=== Records shown ===

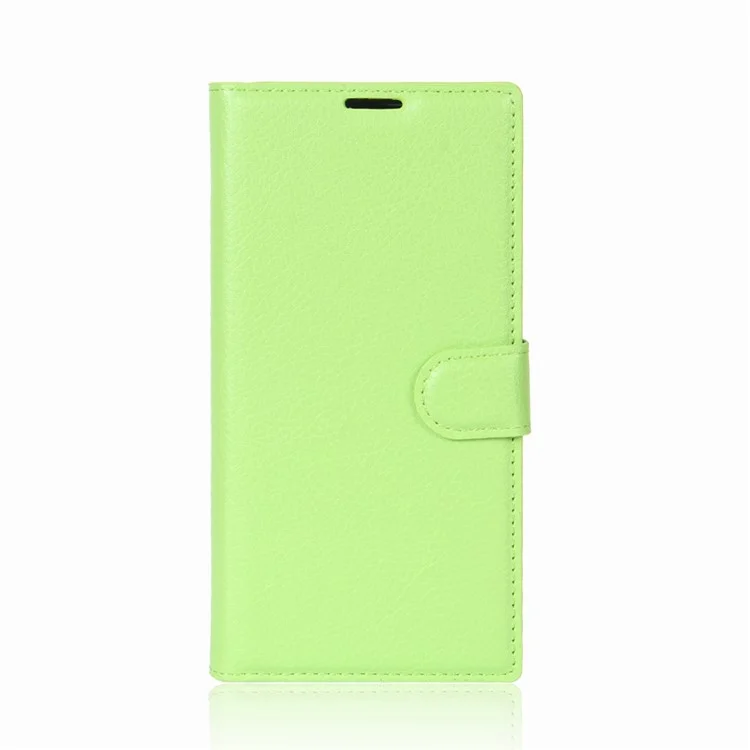 Litchi Grain Wallet Leather Mobile Phone Case for BlackBerry Keyone - Green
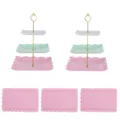 3-stöckige Kunststoff-Dessertständer und Tabletts Set für Hochzeits-Party Teeparty. - 2 Sets quadratische Etagere mit 3 Etagen in dreifarbigem Gold und 3 rosa Spitzentabletts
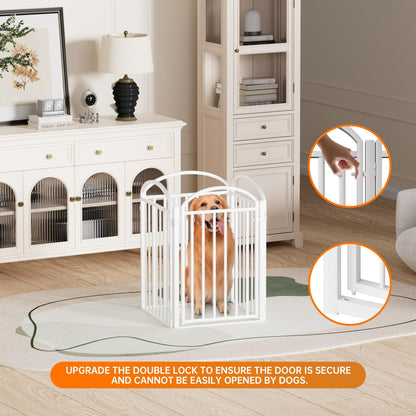 4 Panles Full Matel Freestanding Dog Gates with Door, 96"Extra Wide 32"Tall Free Standing Dog Pet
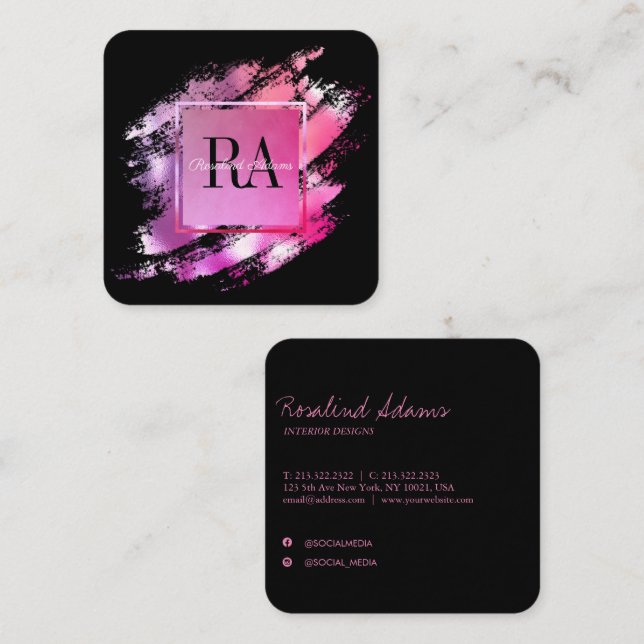 Elegant Stylish Brushstroke Ombre Glam Monogram Square Business Card (Front/Back)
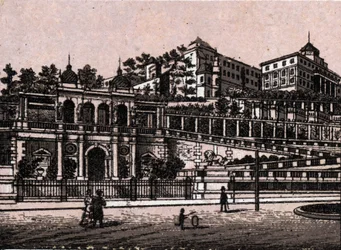 Budapest, Hongrie : vue du Bourgbazar. dans « Le Monde Illustré 168 vues » Sans date (fin XIXe siècle)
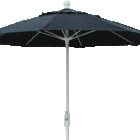 Black patio umbrella against a black background.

===

Problem statement:
From the line containing "Budapest, Hongrie : vue" down to the last line of the data above, transcribe exactly those lines and no others; omit the pictures.

Reply:
 Budapest, Hongrie : vue du Bourgbazar. dans « Le Monde Illustré 168 vues » Sans date (fin XIXe siècle)
 Black patio umbrella against a black background.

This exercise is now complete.